Scientists have investigated the role of a protein that protects retinal support cells in preventing age-related eye disease.

In research published in the International Journal of Molecular Sciences, researchers highlighted that the loss of a protein called pigment epithelium-derived factor (PEDF) may drive diseases such as age-related macular degeneration (AMD).

Study author, Patricia Becerra, of the National Institute for Eye Health in the US, highlighted that PEDF is known as the “youth protein” because it is present at high levels in young retinas, but declines with ageing.
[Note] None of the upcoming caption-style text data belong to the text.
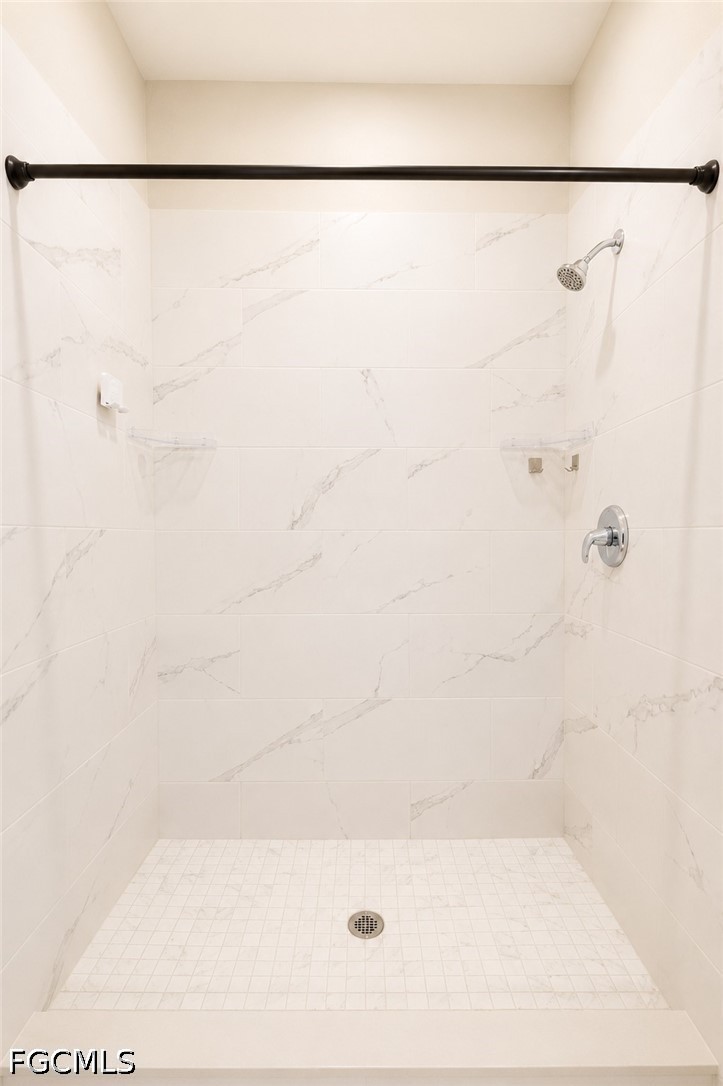 2 Bed Condominium for Sale in Cape Coral, photo 11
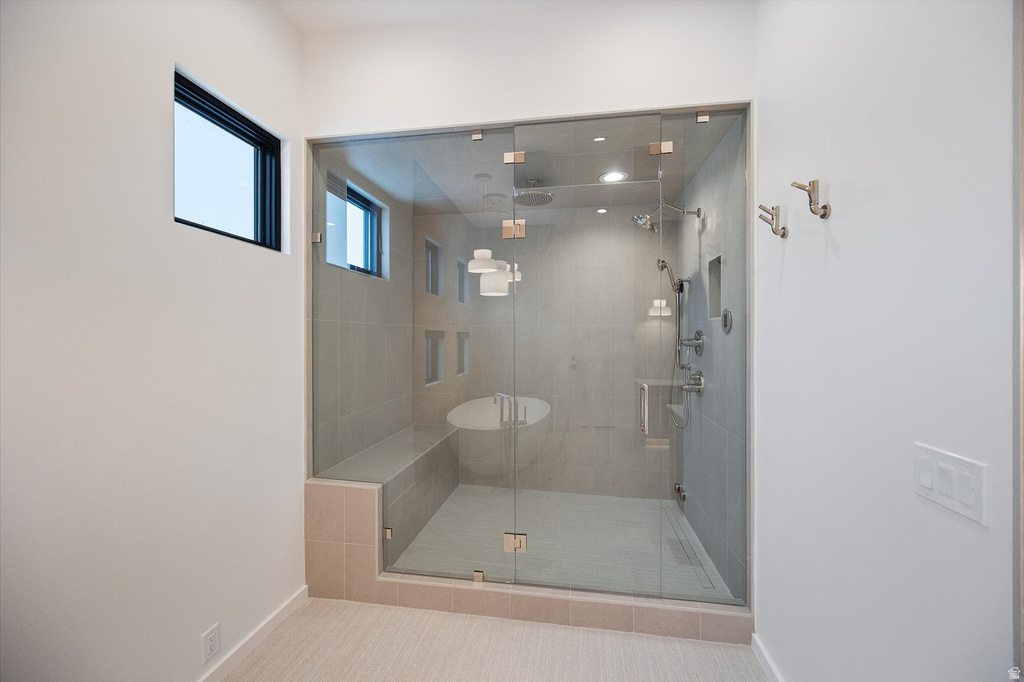 9 WINDSONG Sandy, UT 84092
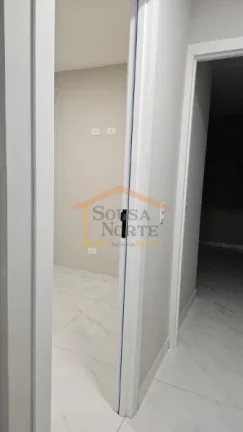 Imagem Sobrado com 3 dormitórios, sendo 1 suíte, lavabo, 2 banheiros e garagem para 2 veículos. Os ambie...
"This study showed for the first time that just removing PEDF leads to a host of gene changes that mimic ageing in the retina," she said.

As part of the research, scientists observed the effects of removing the PEDF gene in mice.

They found that retinal pigment epithelium cells (RPE) were enlarged, while the cells had also turned on four genes associated with ageing.

Unprocessed lipids and other photoreceptor outer segment components had built up in the RPE layer of the retina.

These changes mirror alterations in gene expression and defects in RPE metabolism that are found in the ageing eye.

Becerra noted that researchers had previously questioned whether the loss of PEDF was caused by ageing or whether declining PEDF levels prompted ageing of the retina.

"This study, especially with the clear link to altered lipid metabolism and gene expression, indicates the loss of PEDF is a driver of ageing-related changes in the retina," Becerra said.